Aliás, nem é tema virgem no charco. Com o fim aparente das relações "para a vida", à medida dos tempos individualistas e apressados que se vivem, nasceram novas regras para esse tipo de ligação que todos mantemos com alguém.
Uma ligação frágil, na maioria dos casos, bastando uma alteração de morada (ou de email?) para extinguir em pouco tempo os vínculos conquistados em meia-dúzia de anos (ou de meses?) de perseverança.
Tememos a amizade mais do que o amor e isso traduz-se numa superficialidade que parece "proteger" os elos entre as pessoas. Como se ir mais além fosse exactamente o mesmo que ir longe demais.
É esta a percepção que desenvolvo quando me apercebo do muito de mim, bom ou mau, que não partilho com os que chamo amigos mas não nego a quem chamo meu amor. Como se mais de mim pudesse saturar a outra pessoa, que faz o favor de me seleccionar como companhia para uma noite de copos. Mas não está disponível para me aturar os desabafos ou sair da cama de madrugada porque tive dois furos seguidos nos pneus.
Não está disponível para outro lado de mim que não aquele que a qualquer conhecimento de ocasião consigo oferecer. Esbatem-se deste modo as diferenças entre quem frequenta a minha casa e quem comigo gasta umas horas à mesa de um café.
E a passagem do tempo parece não ajudar, como há uns anos eu tinha ideia que acontecia. A intimidade não se cria, nem se fomenta, e qualquer conflito mais sério arrasa uma relação, pela surpresa. "Não te conhecia essa faceta", dizemos na altura. É essa a raiz do problema. Desconhecemos uma parte importante do carácter das pessoas em quem depositamos a nossa confiança e depois reagimos de forma hostil perante as constatações menos agradáveis.
Eu alimentava a noção de uma amizade que se fortalecia com bons momentos, conversas sérias e reacção às aflições recíprocas, por exemplo. A noção está a soro, convalescente, muito diferente nos anseios e nas emoções. E eu constato nos outros o absoluto desinteresse pelas minhas preocupações e o meu pelas suas, salvo mui raras excepções.
Este é um assunto que não admite quaisquer juízos de valor, cada um sabe de si e, tal como no amor que o Eufigénio hoje descreve à sua maneira, não existem realidades universais. De resto, ambos sabemos que uma amizade sem substância é nado-morta. À espera de um desentendimento ou de uma embirração que até podem resultar meras de falhas na comunicação.

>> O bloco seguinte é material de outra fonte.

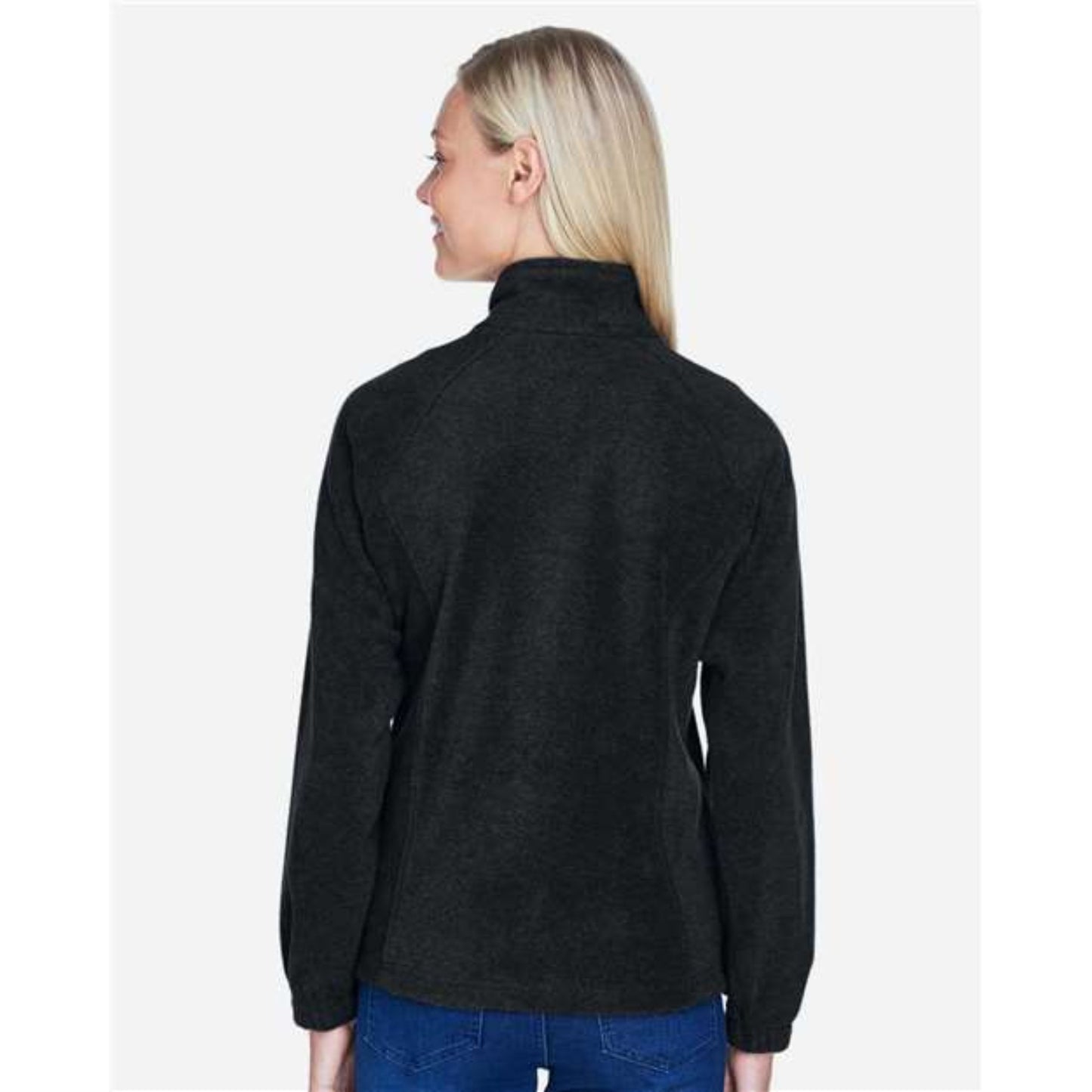 Women's Full-Zip Fleece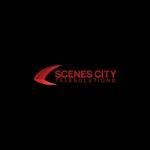 Scenes City Telesolutions, Singapore, logo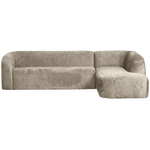 Canapé d'angle à droite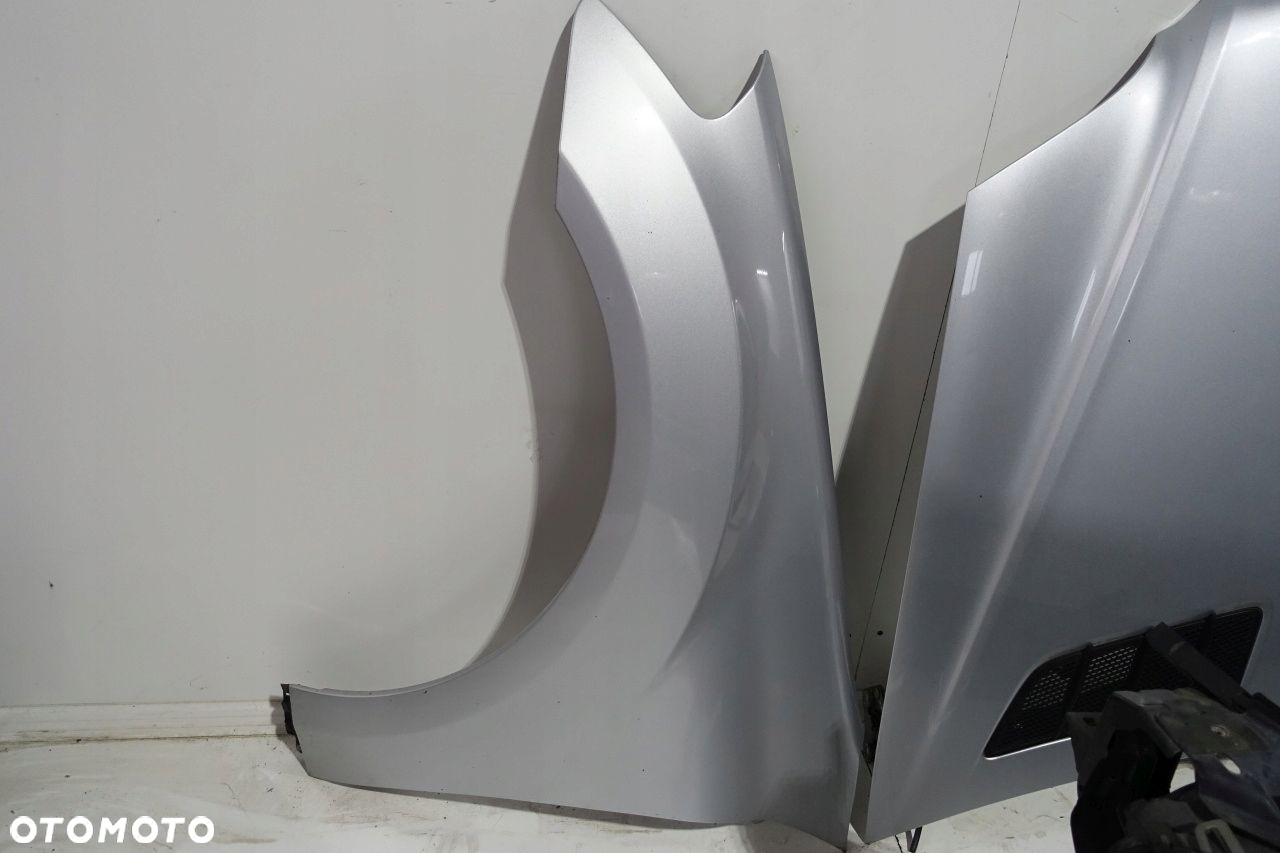 Mercedes w164 przód maska zderzak pas przedni 775 ML - 6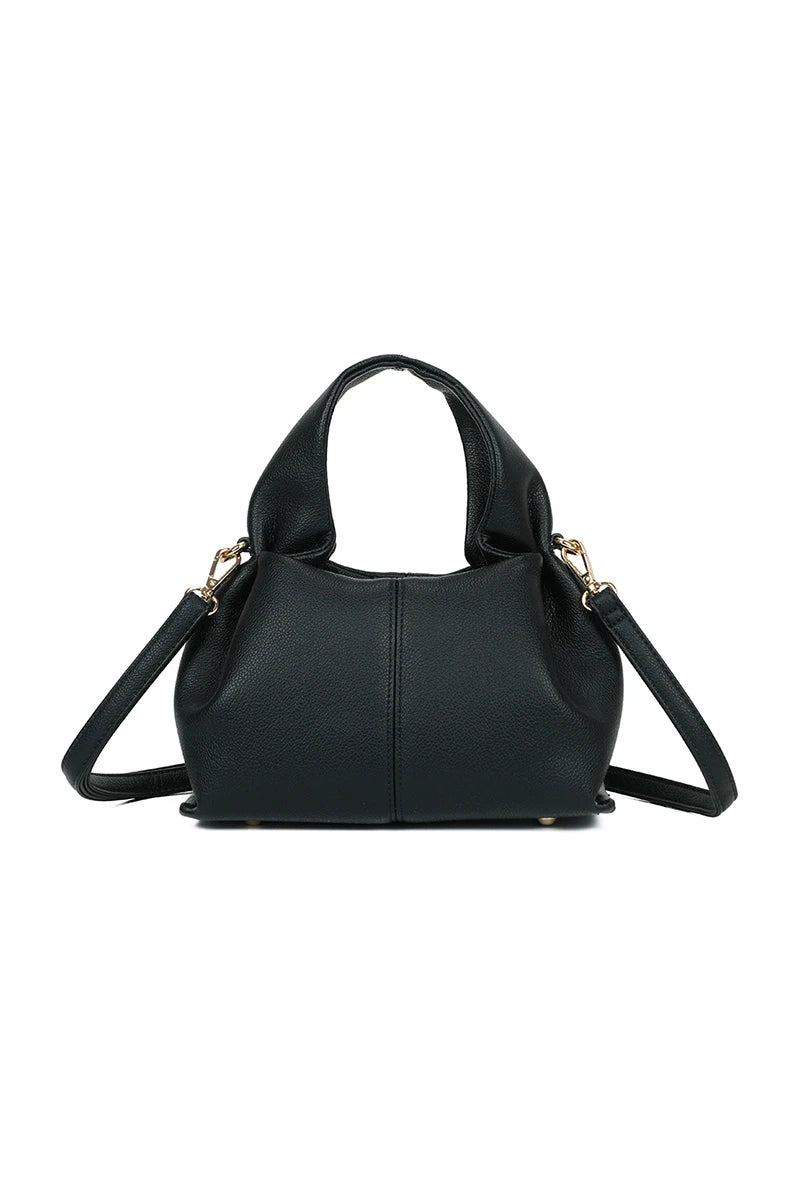 "Milan" bag black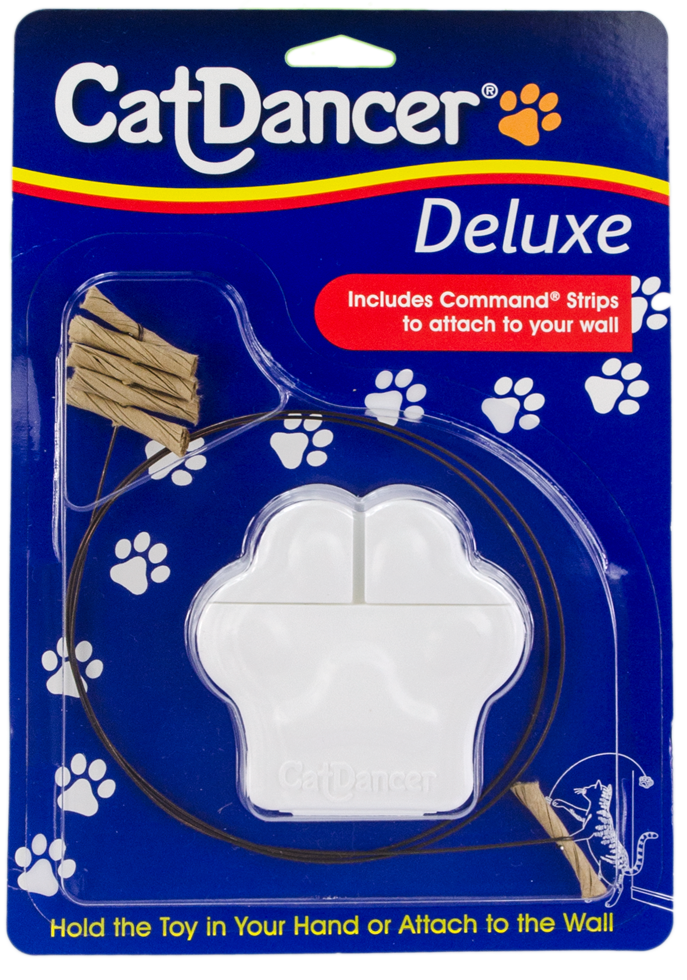 Cat Dancer Deluxe interactief kattenspeelgoed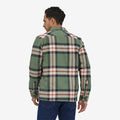 PATAGONIA MENS INSULATED MW FJORD FLANNEL SHIRT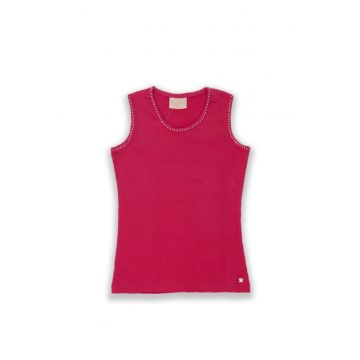 Maiou din bumbac fetite -  31440-2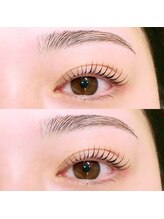 リノバイミラ 柏(Lino by MIRA)/パリジェンヌ＋アイブロウwax☆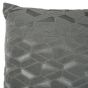 Nelson Grey Cushion 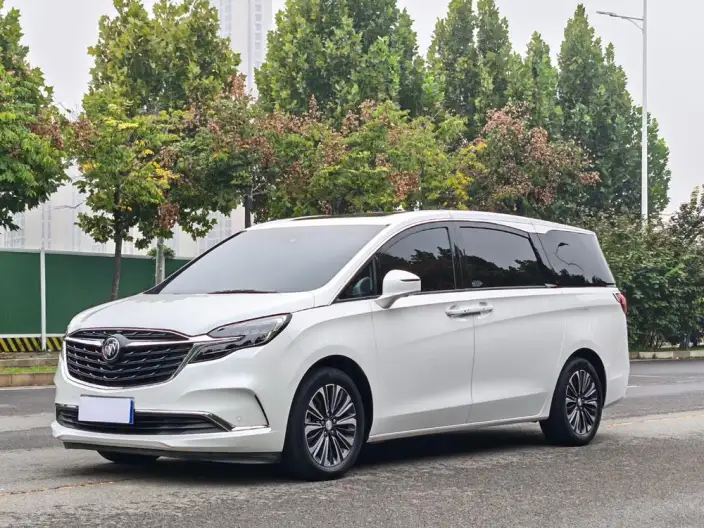Buick GL8 2022 Model ES Luzun 653T Luxury Model – фото 10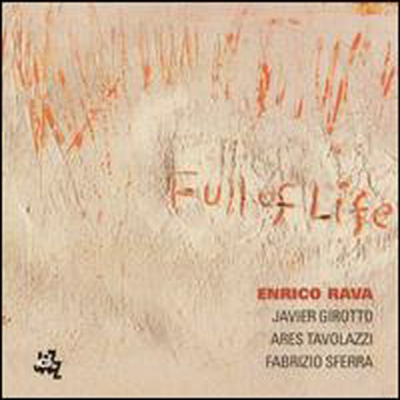 Enrico Rava - Full Of Life (CD)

E isto leva-me à amizade entre quem bloga, feita de um grau de proximidade virtual que raramente se traduz na vertente analógica. Pés de barro à mercê dos equívocos da linguagem escrita, onde pinceladas rimam com marteladas e de repente o caldo entorna sem sabermos exactamente como e porquê. Na inimizade também funciona um pouco assim, connosco a percebermos de repente a dimensão da nossa estupidez, do desperdício que pode resultar de uma simples divergência mal conversada.
A amizade séria e empenhada, um monstro sagrado de qualquer escala de valores, parece-me apenas um nadinha despida de relevância no contexto das relações sociais. Secundária, dispensável até. E não devia, pois reduz-nos a um lote restrito de referências que ainda alimentam a ilusão um ano sem contactos depois, empurra-nos aos poucos para uma estranha forma de solidão acompanhada.
E como algures já postei neste blogue (num cartaz ou coisa que o valha), e vale para a amizade como para o amor, nunca se está tão sozinho como quando somos dois com a pessoa errada.